Many people have blogged the New York Times's account of the would-be pilot who can't fly because the government has put him on a secret list he can't get off. But none of the blogs I read has noted the most insidious and evil aspect of the story in With Watch List, Pilot's Career Is Stalled.
Yes, it's very very evil that this man has been denied not just due process, but any process at all to remove this serious impediment to his chosen career. His freedom is compromised.
And the article paints him as a nice, sympathetic guy, a victim, who just happens to have helped a 9/11 terrorist by giving him a ride to flight school, and also helped him move some furniture one day. I have no reason to doubt that Juan Carlos Merida is innocent of any crime, and is as nice as the quoted people say he is.
But look at what the circumstances of being trapped in this Kafkaesque vise did to Mr. Nice Guy:
In his eagerness to prove his loyalty and win over the F.B.I., Mr. Merida said, he readily agreed to agents' requests last year to supply confidential information on other flight school students. But that has gotten him nowhere, he said.
That's right. Mr. Nice Guy was so desperate to get off the US government blacklist that he became an informer on his fellow students. And even that wasn't enough.

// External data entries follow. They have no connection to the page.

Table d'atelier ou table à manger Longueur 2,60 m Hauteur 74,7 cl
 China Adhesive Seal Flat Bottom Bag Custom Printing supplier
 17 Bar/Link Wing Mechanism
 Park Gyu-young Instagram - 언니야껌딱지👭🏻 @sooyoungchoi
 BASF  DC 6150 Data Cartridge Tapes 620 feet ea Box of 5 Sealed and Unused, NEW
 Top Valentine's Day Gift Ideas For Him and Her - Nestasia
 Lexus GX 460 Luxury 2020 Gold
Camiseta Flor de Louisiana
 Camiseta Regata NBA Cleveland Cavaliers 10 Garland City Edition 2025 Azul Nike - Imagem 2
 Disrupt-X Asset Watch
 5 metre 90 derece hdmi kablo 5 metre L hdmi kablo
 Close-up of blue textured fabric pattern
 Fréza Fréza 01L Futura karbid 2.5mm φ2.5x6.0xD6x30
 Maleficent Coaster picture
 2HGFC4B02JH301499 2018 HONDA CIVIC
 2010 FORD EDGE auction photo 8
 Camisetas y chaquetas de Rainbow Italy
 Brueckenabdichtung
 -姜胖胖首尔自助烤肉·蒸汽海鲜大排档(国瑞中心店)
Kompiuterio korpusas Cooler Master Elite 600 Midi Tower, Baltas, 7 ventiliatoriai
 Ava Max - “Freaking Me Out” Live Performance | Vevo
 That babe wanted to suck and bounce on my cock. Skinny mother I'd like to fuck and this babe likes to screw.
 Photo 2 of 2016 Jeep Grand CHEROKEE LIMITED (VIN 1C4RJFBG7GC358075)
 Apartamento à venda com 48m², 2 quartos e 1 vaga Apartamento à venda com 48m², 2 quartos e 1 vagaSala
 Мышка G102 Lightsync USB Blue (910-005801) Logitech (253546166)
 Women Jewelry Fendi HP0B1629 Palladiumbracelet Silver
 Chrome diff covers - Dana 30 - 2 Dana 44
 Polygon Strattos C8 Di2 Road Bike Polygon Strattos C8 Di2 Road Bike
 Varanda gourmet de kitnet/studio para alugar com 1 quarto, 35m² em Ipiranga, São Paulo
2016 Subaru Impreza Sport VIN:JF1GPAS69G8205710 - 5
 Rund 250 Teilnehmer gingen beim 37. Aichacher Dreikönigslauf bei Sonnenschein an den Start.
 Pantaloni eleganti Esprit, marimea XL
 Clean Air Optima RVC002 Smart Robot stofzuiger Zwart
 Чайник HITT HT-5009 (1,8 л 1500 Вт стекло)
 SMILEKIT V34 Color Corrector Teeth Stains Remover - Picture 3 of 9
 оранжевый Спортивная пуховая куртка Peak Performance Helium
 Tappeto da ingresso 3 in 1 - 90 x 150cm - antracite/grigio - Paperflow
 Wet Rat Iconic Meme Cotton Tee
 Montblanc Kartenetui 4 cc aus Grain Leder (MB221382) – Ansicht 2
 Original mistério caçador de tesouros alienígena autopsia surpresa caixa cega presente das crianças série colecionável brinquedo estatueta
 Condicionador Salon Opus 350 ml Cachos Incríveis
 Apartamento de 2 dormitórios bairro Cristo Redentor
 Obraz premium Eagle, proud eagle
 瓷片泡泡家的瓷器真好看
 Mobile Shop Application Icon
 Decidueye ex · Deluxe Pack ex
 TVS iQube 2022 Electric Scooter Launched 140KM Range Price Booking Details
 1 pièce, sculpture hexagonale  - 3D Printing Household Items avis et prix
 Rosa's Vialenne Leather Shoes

So we have secret arbitrary blacklists that make you berufsverbot. We have people crawling to the secret service offering to be informers to save their careers. Will the next step will be secret denunciations. Almost certainly. If it goes on long enough then, in time, stoolies will have to meet their quotas for denunciations or get in trouble. Yes, I've seen this movie before. It wasn't pretty. But last time the actors had Russian and East German accents.